4. Results and Discussion
This section presents the outcomes of our classification experiments, comparing performance across four quantile-based schemes (binary, three-class, four-class, and five-class). For each scheme, we report accuracy, precision, recall, and F1-scores on test, augmented, and original training sets. We then examine how predictive performance changes as class granularity increases, and identify the best-performing models under default and Bayesian-optimized hyperparameters.
Feature importance results are presented to highlight the relative influence of mowing frequency, mineral and organic nitrogen inputs, and other management variables. Finally, we interpret these findings in light of similar studies, discuss potential sources of bias—such as imputation effects—and outline limitations and directions for future improvement.
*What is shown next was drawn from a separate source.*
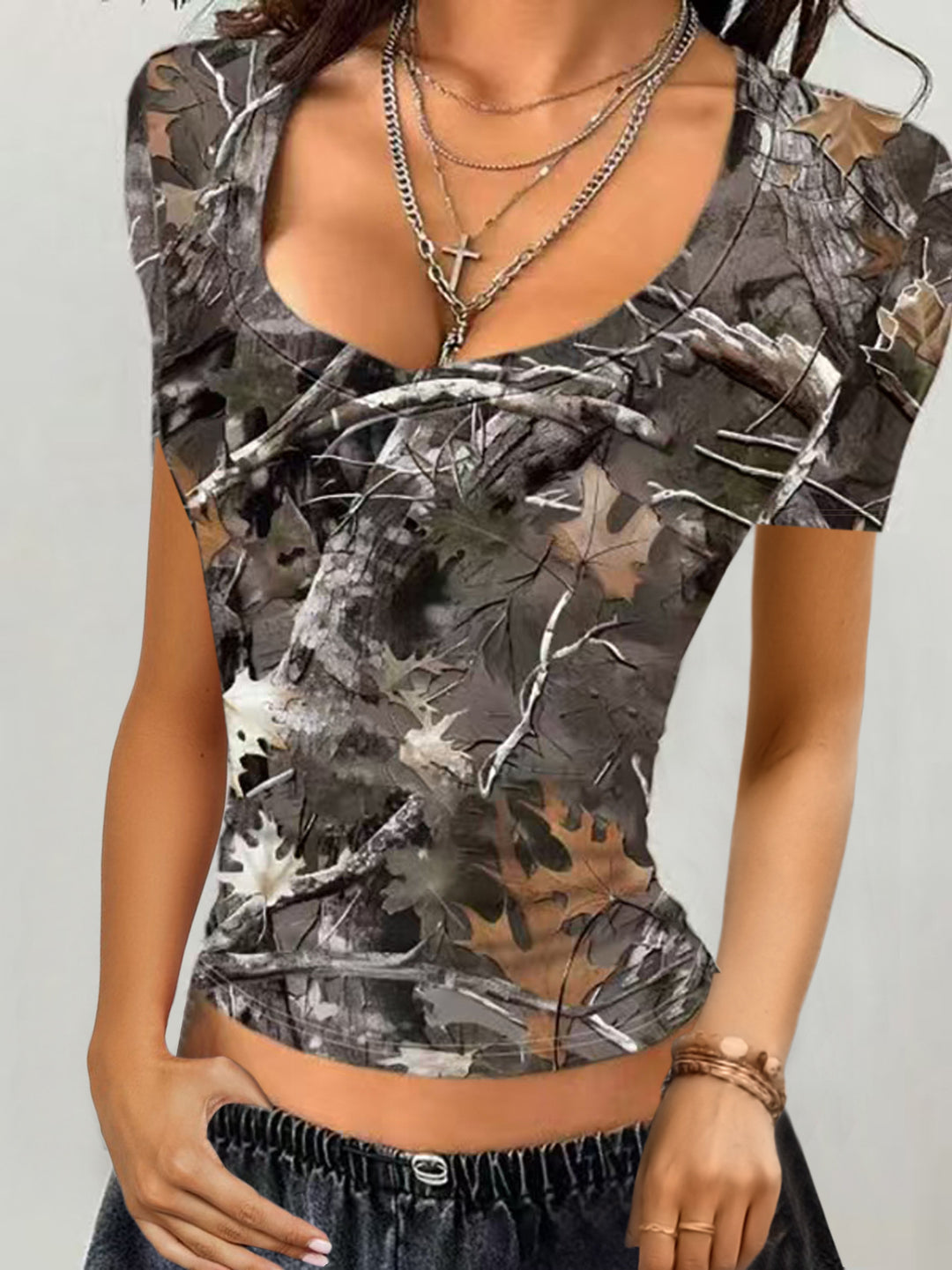 Damen Kurzarm-Oberteil im Camouflage-Design Drune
4.1. Preliminary Evaluation
To examine relationships between management practices and biomass yield, we perform an initial exploratory analysis using quantile-based class definitions. For each of the four classification schemes (binary, three-class, four-class, and five-class), biomass values were divided according to the relevant quantile thresholds. We generated boxplots of mowing frequency, mineral nitrogen input (
minNitrogen_kgNha), total nitrogen input (
totalNitrogen_kgNha), and organic nitrogen input (
orgNitrogen_kgNha) for each biomass class (
Figure 2,
Figure 3,
Figure 4 and
Figure 5).
These visualizations facilitated a clear comparison of feature distributions across increasing biomass levels.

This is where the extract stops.